SANTA ANA, California (Reuters) - A federal judge rejected a proposed plea agreement sentence of probation and a fine for Broadcom Corp co-founder Henry Samueli as too lenient, and postponed his sentencing.
Samueli, 53, pleaded guilty in June to a charge of making a materially false statement to U.S. Securities and Exchange Commission investigators following the company’s restatement of $2 billion in compensation expenses last year.
Samueli’s plea deal with prosecutors called for five years probation and $12.25 million in fines and forfeitures, but approval was needed from U.S. District Judge Cormac Carney.
Carney said in court on Monday the crime was serious and “could warrant a significant prison sentence.”
“The court is not alone in concluding that a five-year probationary sentence does not capture the seriousness of Dr. Samueli’s alleged misconduct,” Carney wrote in a tentative ruling he made final in court.

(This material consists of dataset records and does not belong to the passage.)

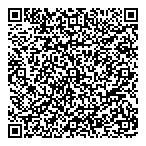 Centre Conseil Grossesse QR Card Centre Conseil Grossesse QR Card
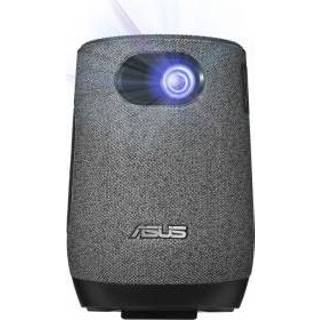 👉 Projector ASUS ZenBeam Latte L1 beamer/projector Plafondgemonteerde 300 ANSI lumens LED 1080p (1920x 4718017930307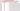 ButtonSolutions-GoogleChrome3.jpeg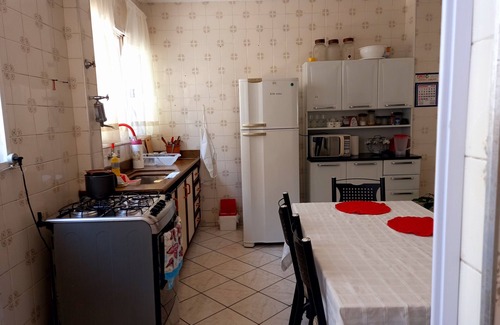 Praia de Itaparica Apartamento | Comfortable 2-bedroom apartment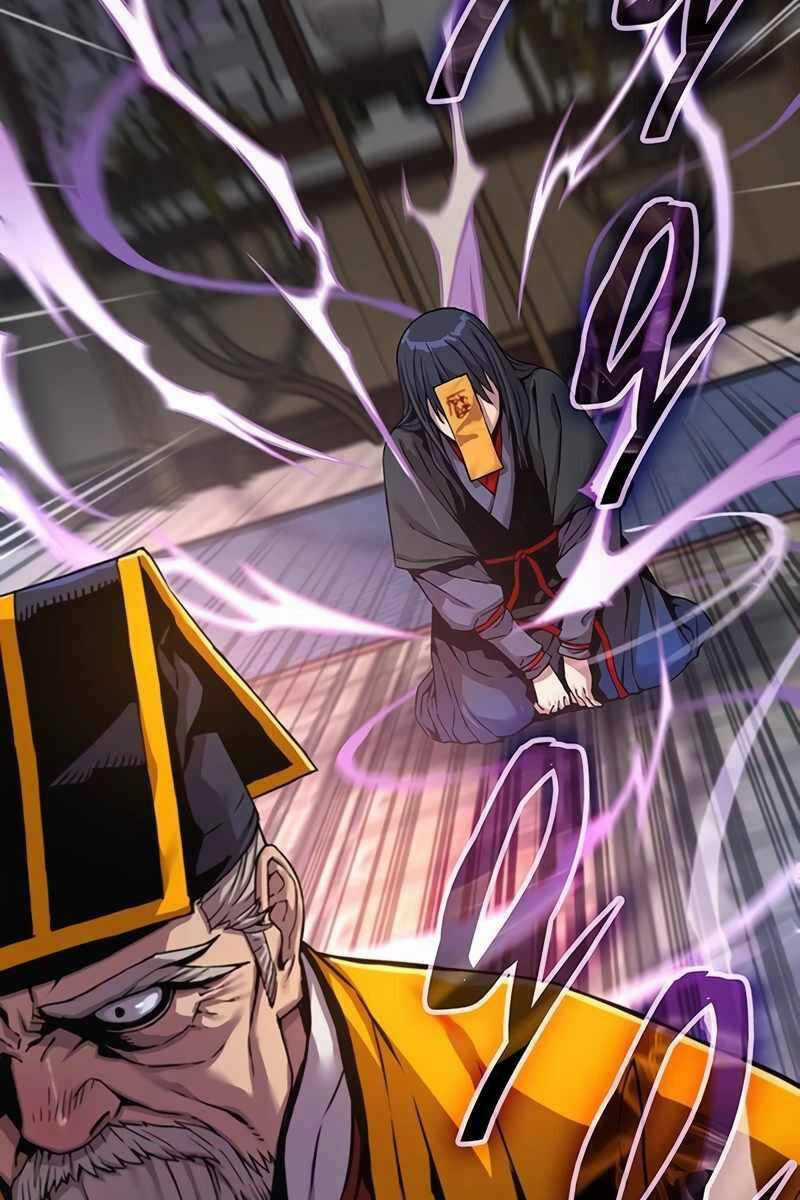 Quái Lực Loạn Thần Chương 6 trang 183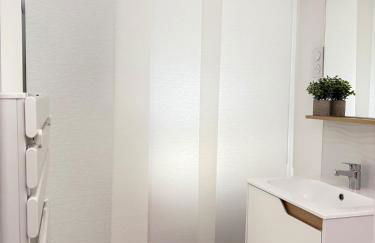 L'impasse Japandi - Foto 10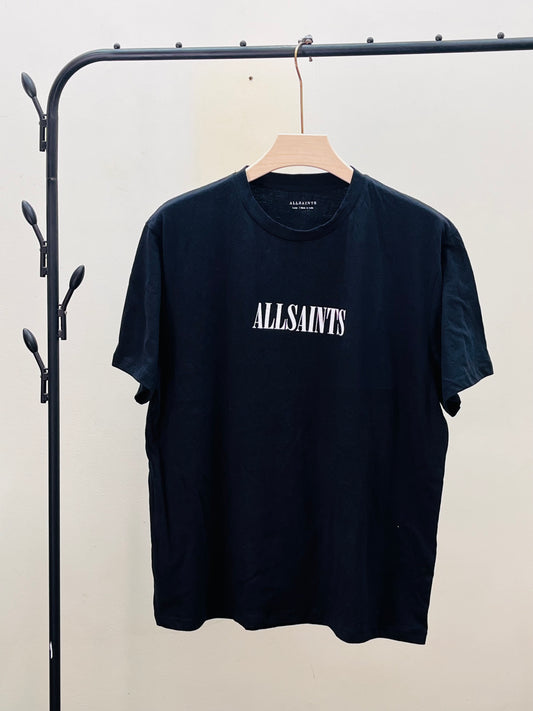 All Saints T-shirt d96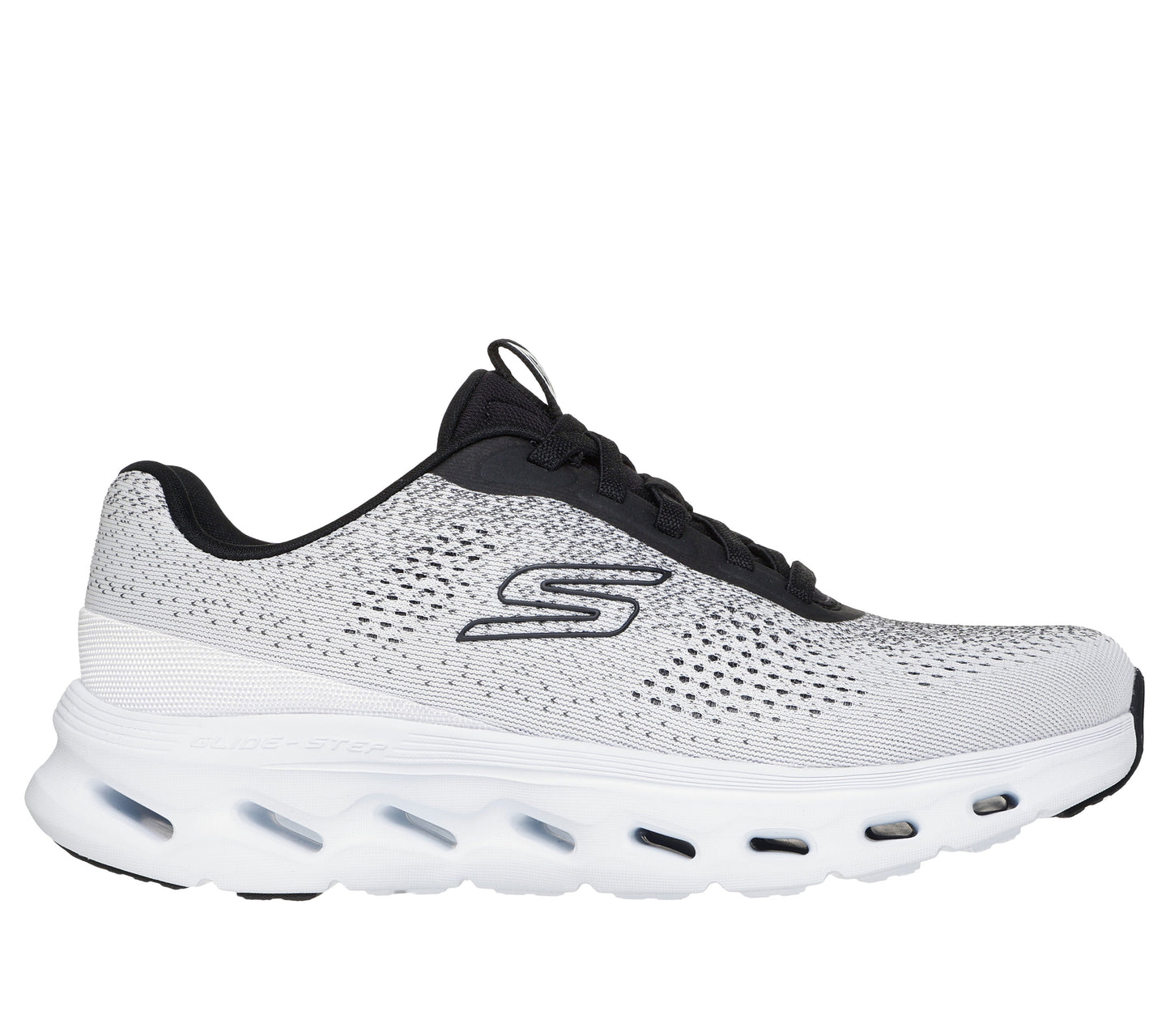 Women's GOwalk Glide-Step 2.0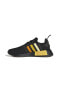 Фото #4 товара NMD_R1 CBLACK/CARBON/CLASTR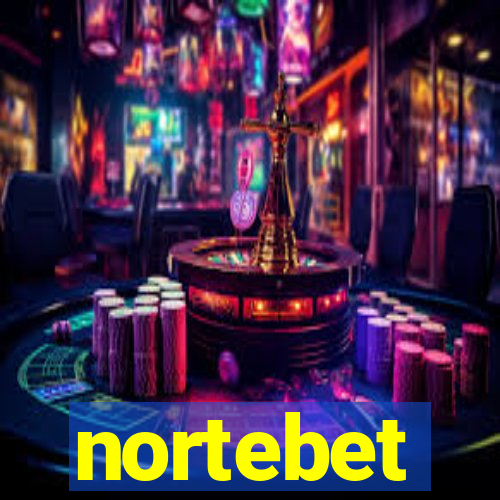 nortebet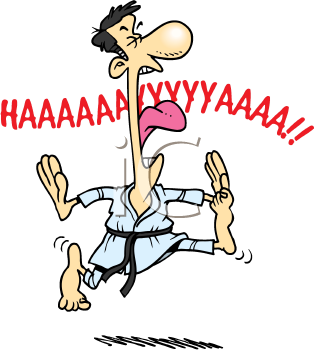Cartoon Clipart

“It would erode the public’s perception of our justice system to accept a plea agreement containing an unprecedented payment of $12 million to resolve a criminal liability of one of four conspirators in an alleged $2.2 billion securities fraud.”

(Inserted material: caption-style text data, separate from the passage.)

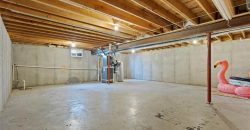 Homes for Sale in Kansas City, MO 64155 | 1812 NW 92nd Terrace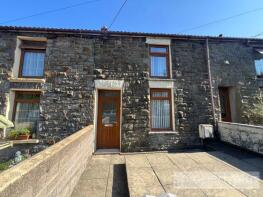 281, Park Road, Cwm-parc, Treorchy CF42 6LG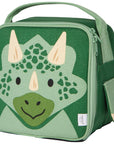 Dino Lunch Bag
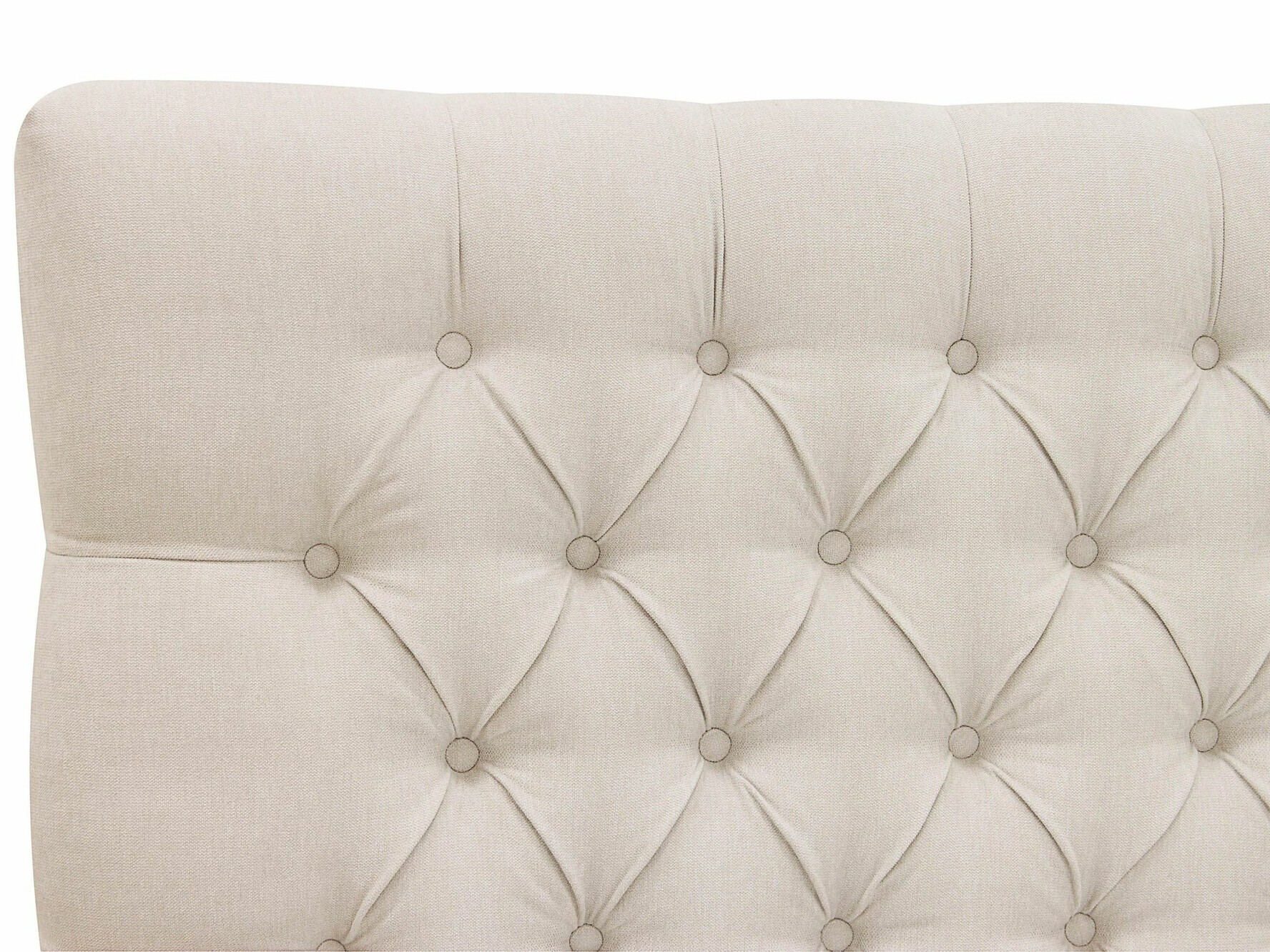 Cama continental Seattle 210 (Verita 01)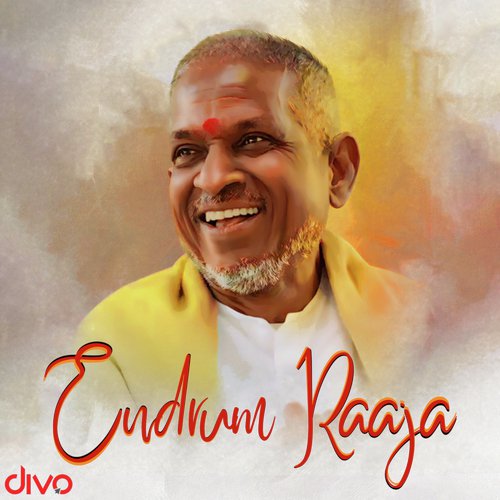 download K.J. Yesudas, Uma Ramanan  Kathuri Maane mp3 Single Tracks song 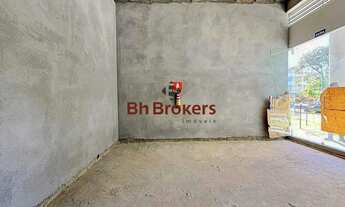 Imagem 5: LOJA COMERCIAL PARA LOCAÇÃO NO BARRO PRETO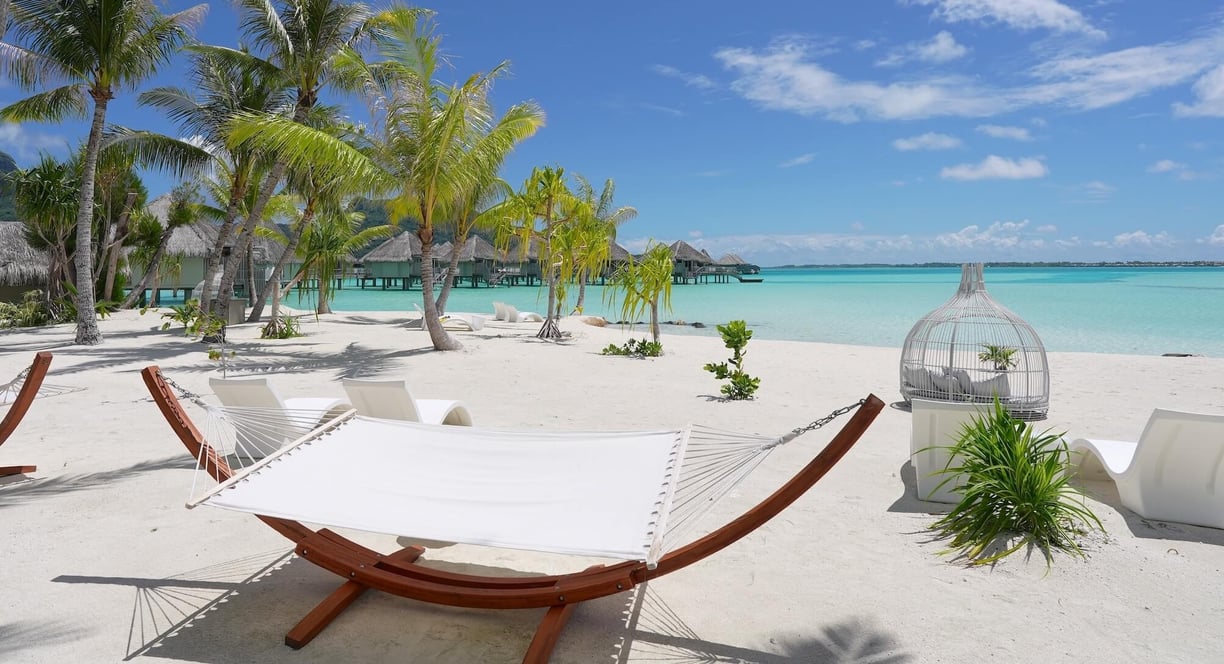 the-westin-bora-bora-beach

Samueli’s plea agreement came after growing government enforcement action against Broadcom and its top officers, including the June indictment of co-founder Henry Nicholas III on backdating and drugs charges.
The former chief financial officer, William Ruehle, also has been indicted on criminal charges related to backdating.

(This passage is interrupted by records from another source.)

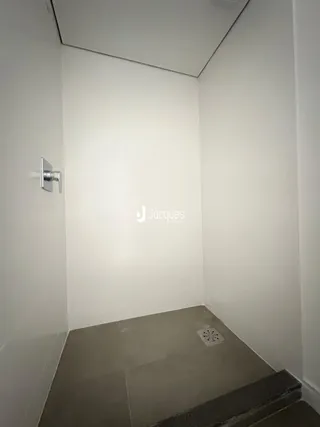 Apartamento com 2 dormitórios, foto 11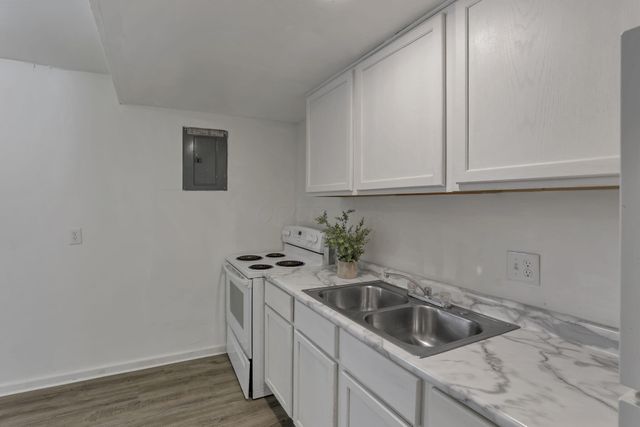 57 Stevens Avenue, Columbus, OH 43222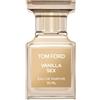Tom Ford Vanilla Sex Eau de Parfum 30ml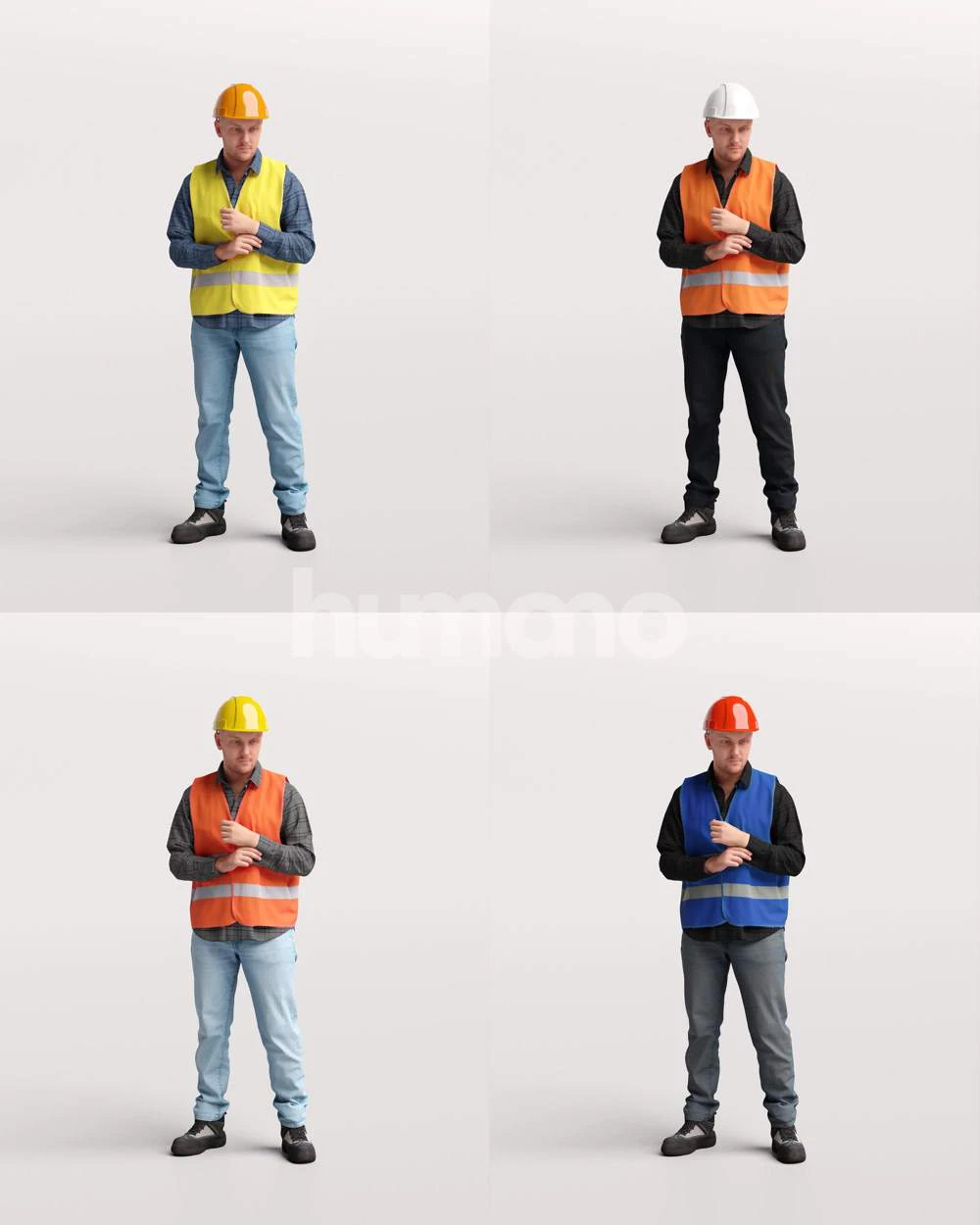 001 — Скачать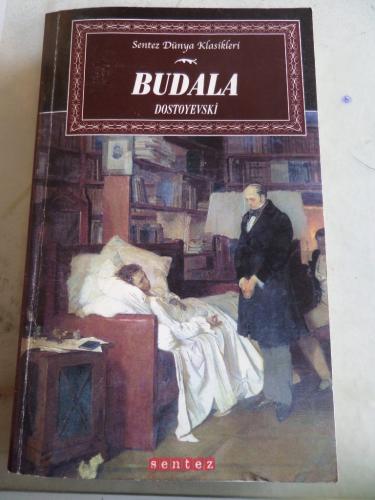 Budala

Ruehle and Nicholas have pleaded not guilty to the charges.
Carney directed prosecutors and Samueli’s attorneys to release him from the plea bargain and negotiate a new deal.
Carney postponed the sentencing and set a September 29 hearing.
“My strong preference would be to defer any sentencing until after what happens to Dr. Nicholas and Mr. Ruehle,” the judge said at the hearing in federal court in Santa Ana.